Role of the gut metabolite lactate on Campylobacter jejuni pathogenicity

"This study investigates how the microaerobic pathogen Campylobacter jejuni establishes and expands its niche in the gastrointestinal tract during acute infection, focusing on the role of the gut metabolite L-lactate. Using six-week-old ferrets as a natural and clinically relevant disease model that does not require manipulation of the host microbiome or immune system, the study documents rapid C. jejuni growth and pronounced intestinal inflammation within two to three days after orogastric inoculation. Ferrets replicate key features of human C. jejuni infection—rapid bacterial expansion, severe inflammatory responses, and pathophysiological alterations of the gut—making this an advantageous model compared with conventional mouse systems that need antibiotic treatment or immune alteration to permit colonization.

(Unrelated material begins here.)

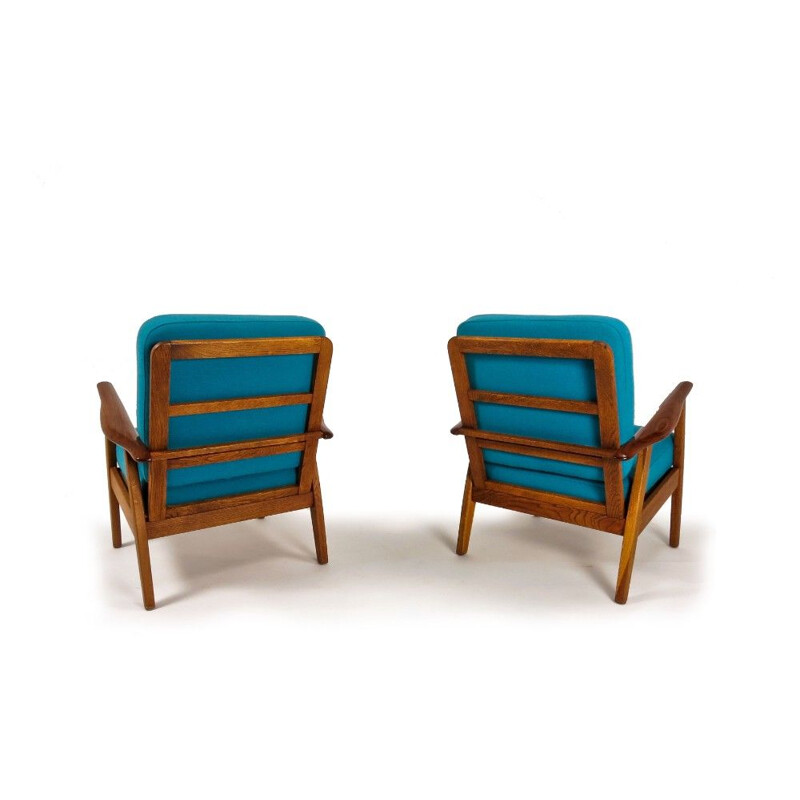 Ensemble de 2 fauteuils en teck & chêne, danois, années 1950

Through histological and molecular analyses, the work reports cryptic hyperplasia, induction of tissue repair programs, accumulation of undifferentiated amplifying cells on the colonic surface, and instability of HIF-1α in colonocytes, collectively indicating increased epithelial oxygenation during infection. Metabolomic profiling of colon contents from infected animals revealed elevated lactate levels, prompting functional studies of bacterial lactate utilization. A Campylobacter mutant lacking lctP, the gene encoding an L-lactate transporter, showed significantly diminished colonization capacity during infection, directly implicating lactate import as important for population expansion in the inflamed gut. Complementary in vitro assays demonstrated that lactate influences adhesion to and invasion of a human colon carcinoma cell line (HCT116), suggesting lactate availability may modulate key pathogenic interactions with the epithelium.

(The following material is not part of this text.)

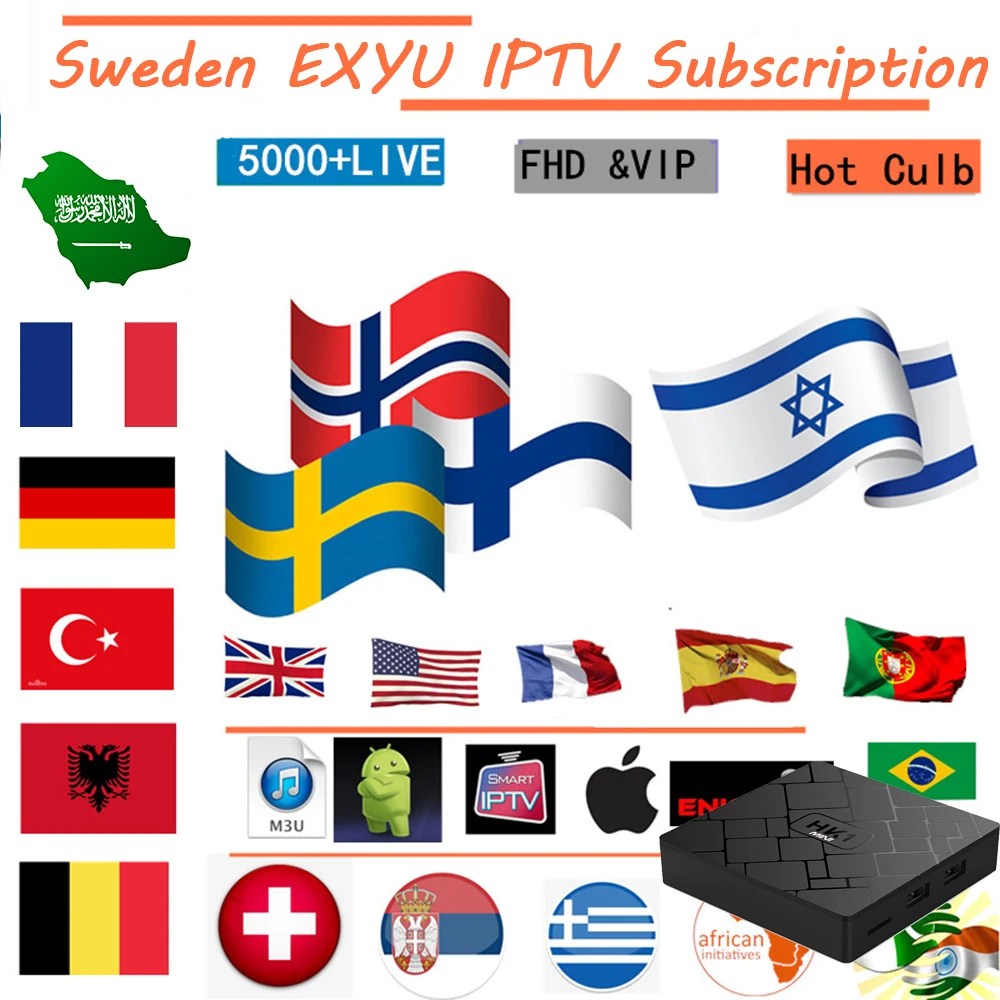 Французский Израиль IPTV-SCANDINAVIA Швеция Норвегия Испания Португалия, Италия Бразилия HK1 мини Android IPTV-Box Smart M3U Enigma2 Mag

The oxygenation-dependent expression of lctP led to the identification of a putative thiol-based redox regulator, LctR, which binds the lctP promoter and may repress lctP transcription under anaerobic conditions. This putative regulator provides a mechanistic link between local oxygen levels, transcriptional control of lactate uptake, and C. jejuni’s ability to exploit host-derived metabolites during inflammation. By identifying L-lactate as a growth substrate and demonstrating the necessity of the lctP lactate transporter for in vivo expansion, the study addresses central questions about how C. jejuni competes with the gut microbiota, selects carbon sources, and responds to microenvironmental cues in the inflamed gut.

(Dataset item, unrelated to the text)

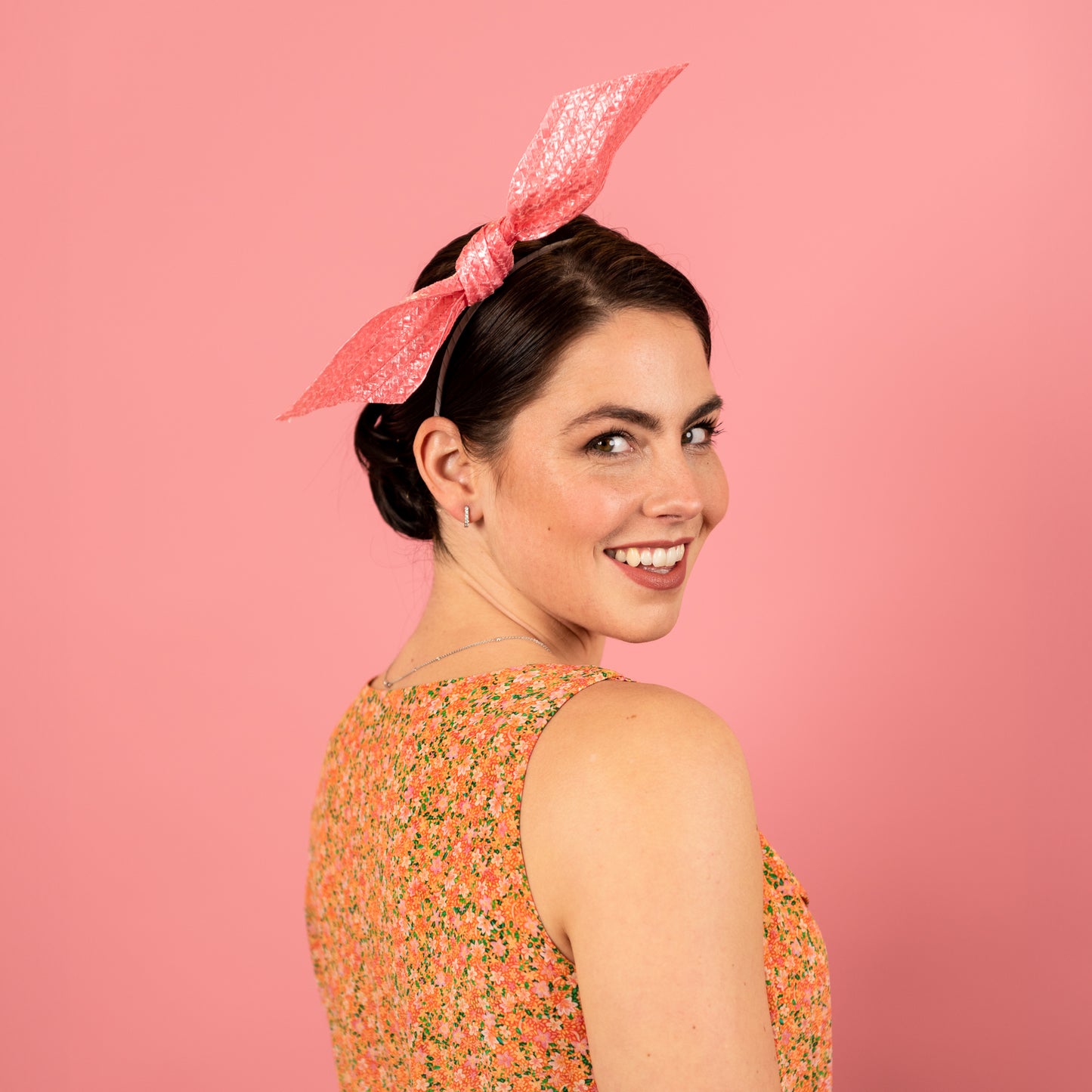 Evie Headband with Floating Straw Knot in Pink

Given the rising burden of Campylobacter infections and increasing antibiotic resistance, understanding metabolic strategies that support pathogen expansion in the host lumen has translational importance. The findings offer insight into environmental conditions that enable C. jejuni colonization and suggest that targeting lactate uptake or its regulation might represent a potential avenue to limit pathogen growth during acute infection. Overall, DiRita and coauthors provide a detailed picture of host-pathogen metabolic interplay, establishing L-lactate and its transporter as central contributors to C. jejuni pathogenicity during the early, inflammatory stages of infection in a physiologically relevant animal model.